Le 19 janvier, trois agents de sécurité du quartier naturiste du Cap d'Agde seront jugés pour une série de violences en réunion perpétrées sur au moins quatre victimes entre 2021 et 2023. Les services municipaux auraient-ils fermé les yeux pour couvrir un proche du maire ? Révélations.


Séparé du Cap d’Agde par une barrière de péage, le village naturiste attire chaque été 50 000 adeptes par jour, inspirant des reportages sur les orgies de la « Baie des cochons ». Mais la saison 2023 a été moins synonyme de sexe que d’ultra-violence : après trois mois d’enquête et une vingtaine d’auditions, l’unité des atteintes aux personnes du commissariat d’Agde a mis en cause trois agents de sécurité municipaux pour avoir passé à tabac des vacanciers, sur fond d’impunité et d’omerta.

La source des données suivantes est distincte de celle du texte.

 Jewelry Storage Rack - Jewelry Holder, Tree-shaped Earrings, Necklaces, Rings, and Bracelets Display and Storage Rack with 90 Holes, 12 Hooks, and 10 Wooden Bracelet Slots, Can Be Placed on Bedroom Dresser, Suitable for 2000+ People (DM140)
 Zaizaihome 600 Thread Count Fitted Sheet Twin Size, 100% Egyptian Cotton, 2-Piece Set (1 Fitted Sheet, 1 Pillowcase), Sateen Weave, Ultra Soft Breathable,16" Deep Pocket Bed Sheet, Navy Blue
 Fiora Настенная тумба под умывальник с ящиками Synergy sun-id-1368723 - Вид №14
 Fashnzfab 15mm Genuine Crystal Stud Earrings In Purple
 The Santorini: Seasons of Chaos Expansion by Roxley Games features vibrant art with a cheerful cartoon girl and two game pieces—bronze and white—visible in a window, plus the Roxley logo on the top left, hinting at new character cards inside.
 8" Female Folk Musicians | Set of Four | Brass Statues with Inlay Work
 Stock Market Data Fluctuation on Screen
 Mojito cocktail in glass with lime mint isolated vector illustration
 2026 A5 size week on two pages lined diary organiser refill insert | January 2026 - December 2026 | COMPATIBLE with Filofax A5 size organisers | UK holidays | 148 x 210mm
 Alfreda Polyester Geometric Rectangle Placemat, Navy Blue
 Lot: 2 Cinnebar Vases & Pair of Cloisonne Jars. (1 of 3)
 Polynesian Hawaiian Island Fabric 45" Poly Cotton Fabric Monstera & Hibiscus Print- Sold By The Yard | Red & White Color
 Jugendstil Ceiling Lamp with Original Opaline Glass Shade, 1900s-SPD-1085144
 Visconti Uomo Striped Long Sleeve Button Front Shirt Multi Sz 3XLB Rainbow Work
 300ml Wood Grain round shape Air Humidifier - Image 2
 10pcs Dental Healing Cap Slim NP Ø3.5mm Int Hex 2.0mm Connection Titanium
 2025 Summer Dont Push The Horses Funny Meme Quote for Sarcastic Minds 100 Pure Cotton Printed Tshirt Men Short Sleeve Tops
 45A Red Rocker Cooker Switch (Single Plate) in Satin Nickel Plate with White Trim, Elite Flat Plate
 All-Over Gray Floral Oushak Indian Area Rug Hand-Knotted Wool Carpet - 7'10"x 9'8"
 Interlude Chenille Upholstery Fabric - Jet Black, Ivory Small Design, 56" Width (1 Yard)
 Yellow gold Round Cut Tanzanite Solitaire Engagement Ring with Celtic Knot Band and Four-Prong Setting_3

Visé par quatre plaintes, Massimo M., 22 ans, chef de la sécurité du village naturiste, a été mis en examen le 6 décembre 2023. C’est aussi le cas de ses collègues Lorenzo R., 24 ans, et Jean-Luc B., 60 ans. Avec des circonstances aggravantes : avoir commis ces faits « en raison de la race ou de l’ethnie de la victime », ici Marcos O., un Brésilien de 54 ans. Démis de leurs fonctions début décembre, ils seront jugés à Béziers le 19 janvier pour « violences racistes en réunion ». Ils encourent dix ans de prison.

« PÉDÉ », « SALE NÉGRO » !

Marcos, habitué des lieux, noir de peau, raconte avoir d’abord subi, le 27 mai 2023, un « contrôle au faciès » de la part de Jean-Luc B. Parce que certaines personnes entrent par le littoral sans payer, des agents veillent, mais les hommes seuls uniquement seraient ciblés : « Maintenant, on nous demande notre carte huit fois par jour, et de façon agressive ! », explique Jens*, à l’unisson d’autres vacanciers.

Marcos, en règle, assure avoir été traité de « pédé » et de « sale négro », puis frappé, plaqué au sol par un deuxième agent, tandis que Jean-Luc B. aurait sauté sur sa jambe, brisée net. Hurlant, il essayait de joindre son compagnon, Mickaël, resté sur la plage. Son répondeur enregistrera Marcos criant : « Vous m’avez pété le pied ! – Tant mieux ! », lui réplique-t-on. Selon Marcos, Massimo M., venu en renfort, au volant d’une voiturette électrique, accompagné d’un mystérieux acolyte, aurait roulé sur sa jambe blessée. Souffrant le martyre – l’engin et son conducteur pèsent plus de 850 kg –, Marcos, cardiaque, est embarqué, une main sur la bouche. « Ils m’ont jeté, nu, à l’entrée du village », souffle-t-il. Mickaël accourt, polices municipale et nationale suivent. « J’ai vu les policiers faire la bise et ‘‘checker’’ ces agents qui nous narguaient s’indigne ce dernier. Les policiers nous ont dit qu’il était inutile de porter plainte. On a dû aller seuls aux urgences ! » Bilan : contusions et double fracture ouverte du tibia et du péroné, quarante-cinq jours d’interruption temporaire de travail (ITT), séquelles et stress post-traumatique. Marc Montagnier, l’avocat de Marcos, inscrit au barreau de Versailles, porte plainte le 13 juin auprès du procureur de la République de Béziers, Raphaël Balland, qui ouvre une enquête préliminaire le 30 juin. Mais il faudra plus de deux mois avant que les investigations débutent.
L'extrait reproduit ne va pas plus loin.